These were dangerous jokes?
Yes. Very dangerous. They couldn’t have cared less.
How did you deal with pressurising? Did you have to equalise?
Yes. Very much so.


I can still work both ears to clear the pressure on them. You do it mechanically. Or with the nose clip. During that 3 hours of diving you wore a nose clip. If you blow in your nose that will sometimes clear your ears, but it’s better to use the muscles.
So how slowly would you go down?
Not fast.


Sort of like walking down an incline at that stage. We were only learning diving at this stage. When you were ready we used to walk around the lake with a string tied to us and with a float tied on top and a piece of tin. So attendants could see wherever you were moving


and every now and again they’d give you three on the rope and you’d answer it to say you’re okay. While we were there, on one night dive we had a bombing raid on Portsmouth, with bombs landing pretty close. And I can tell you that six divers hit the surface with torches blaring and goodness knows what. It was a bit scary.
What was going on when you


were diving in the bombing raid?
We surfaced. But if any had landed in the lake where we were it was small enough to make sure that we were injured. Fortunately it didn’t happen.
How did you know there was a bombing raid?
You could hear it. You could hear the bombs exploding.
What does it sound like under water?
Oh the sound travels under water very much so.
Interviewee: Kenneth Briggs Archive ID 1019 Tape 07


In the break you spoke about the little model aircraft carrier…
Oh I wouldn’t dare tell you that. That created a lot of problems.
Can you tell me the story?


No, I don’t really want to. I might implicate the bloke who did it. No, that’s a long time ago. But it was one of the latest British aircraft carriers that was being proposed and they had this…I suppose you would call it a four metre model.
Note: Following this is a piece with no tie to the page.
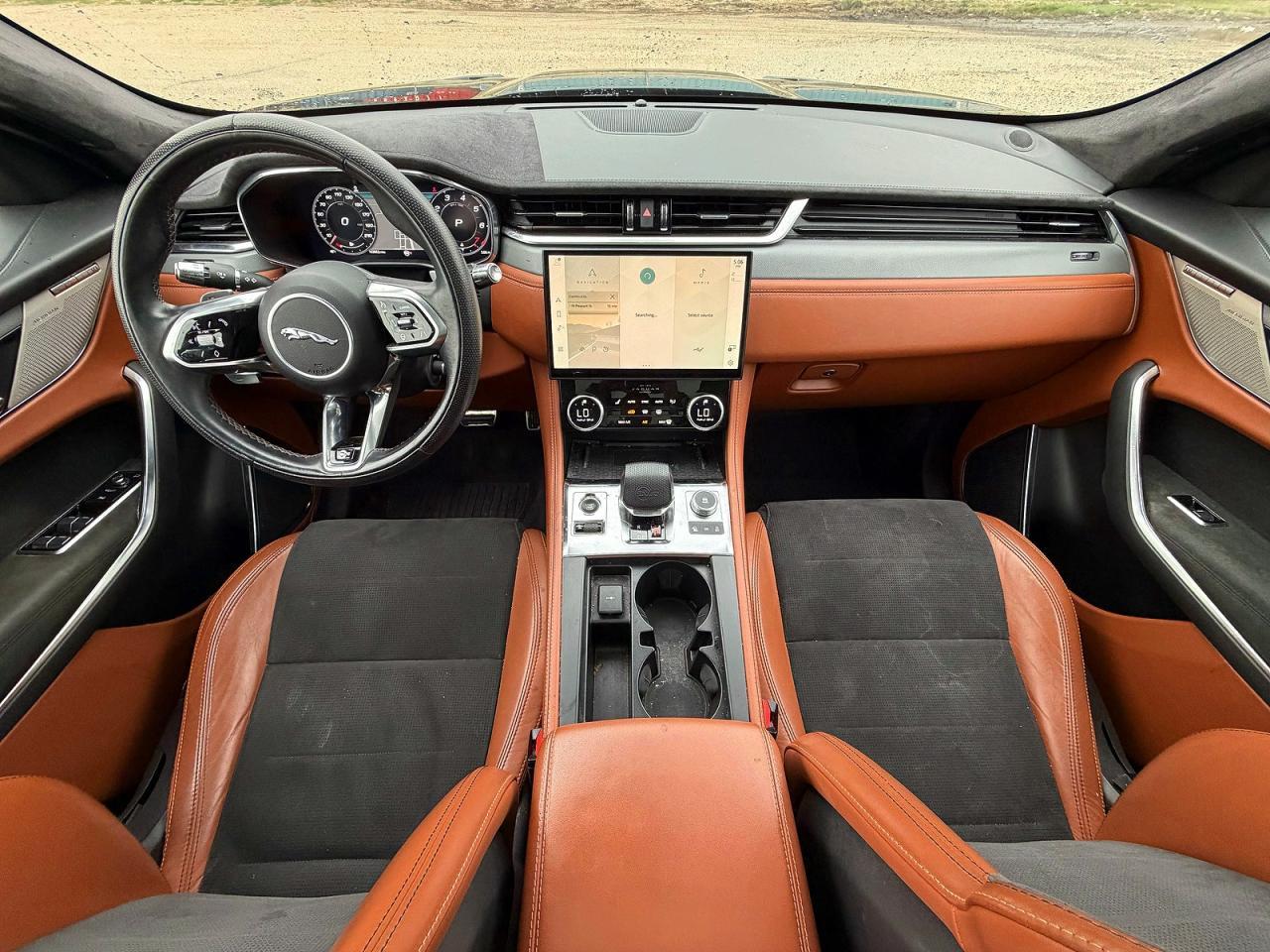 2022 Jaguar F-Pace Svr - zdjęcie 9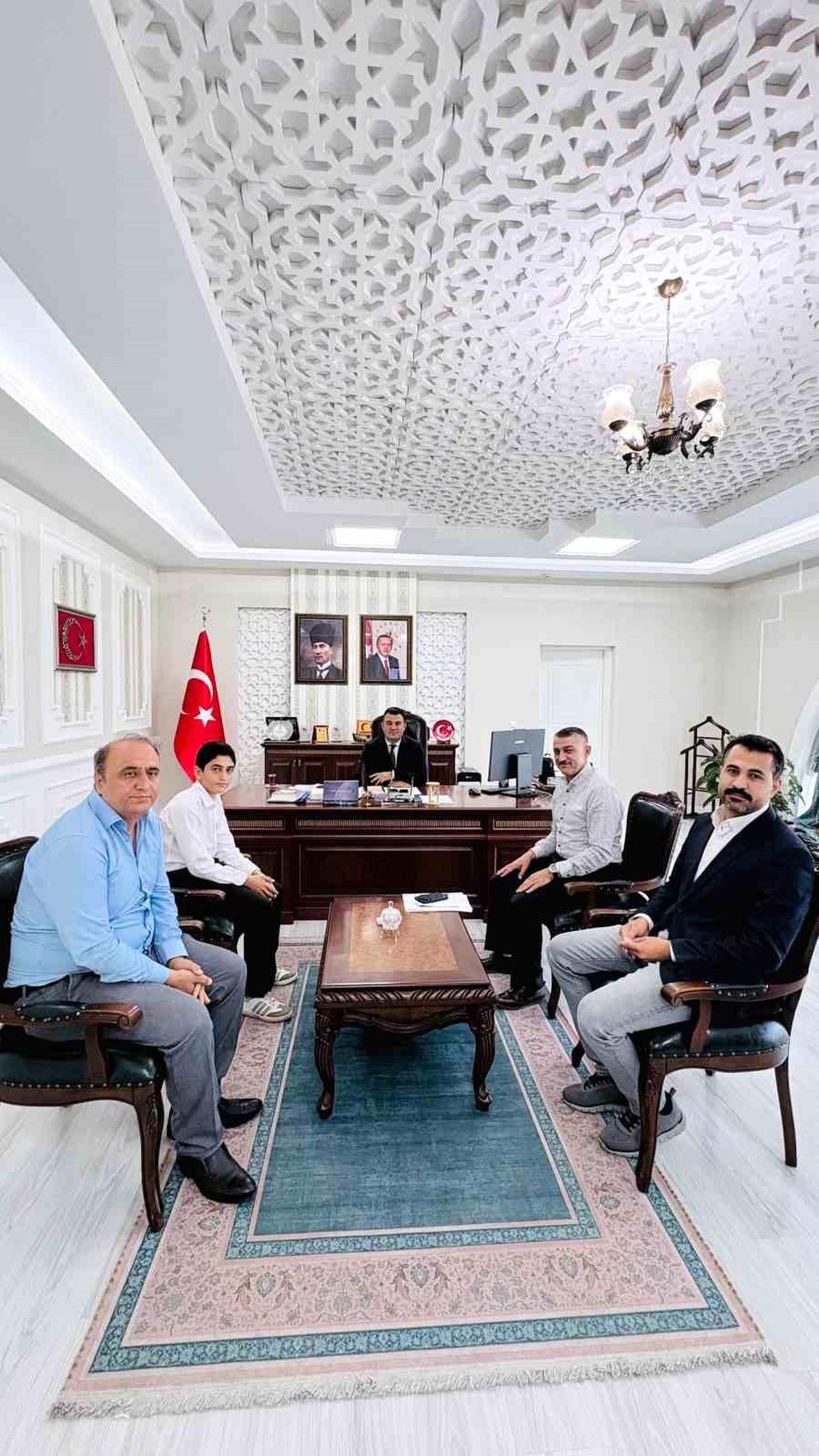 Ağrı LGS birincisi Muhammed Yusuf Işık, Patnos Kaymakamı Burak Dertlioğlu'nu makamında ziyaret ediyor.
They had observation points set up in the lake. They were trying to measure the turning circle and what have you of it. You can’t just turn a ship like that on sixpence. It takes a lot of miles to do it sometimes. But they could determine that on the model. One of our divers had a little bit of a fiddle with the rudder on it


and I don’t think the scientific reports were too good the first time up.
You were under the water for 3 hours at a time. What was this experience like on the senses?
You were more interested in looking after your own welfare all the time


so you had to be very observant of what you were doing and making sure that nobody closed your bottle off in the practice runs. This was only in the early days. We progressed. Once that initial training period was over we got into the midget submarine


era a lot closer. While we were doing this initial training we were able to go to the factory that made our suits. That was Siebe-Gorman in London who were well known diving manufacturers. Of course mostly their suits used to be the old


hard hat and copper top hard hat. That was a different type of diving altogether too, where they’re actually connected to an air supply. But on ours we were operating closed circuit oxygen sets and we used those because they didn’t give bubbles. So it didn’t betray your position. If you were in an enemy harbour


there wasn’t a row of bubbles or anything like that following you. To offset that though, the deeper you dived on oxygen the more dangerous it became. The oxygen enters your blood stream and you tend to black out, vomit into your mouth piece and black out. During the training


they used to put us into a chamber where they could increase the pressure equivalent to deeper water, and they’d take you up to the point where you were ready to black out and you had a pretty good idea of what your condition was like.
And what’s it like being under water being essentially cut off


from the world for 3 hours at a time?
Well, there was nothing much to do. At that stage we were just purely diving and wandering around and trying to ride an old iron bike and that sort of thing and those sort of stupid things under water to occupy your time.


But as I say we were training then and everything was new.
Is it a strange experience having only been in your own head for 3 hours to have someone talk to you immediately you get out of the water?
Well, the water is so cold over there; you tend to want to go and get dressed up and get warm again. Up in Scotland


and those places we could dive for a couple of hours and we had no feeling in your hands for another couple of hours after you had surfaced because your hands were exposed. They weren’t covered.
They weren’t covered at all?
What did you wear on your feet?
You were in the suit. The suit covered your feet.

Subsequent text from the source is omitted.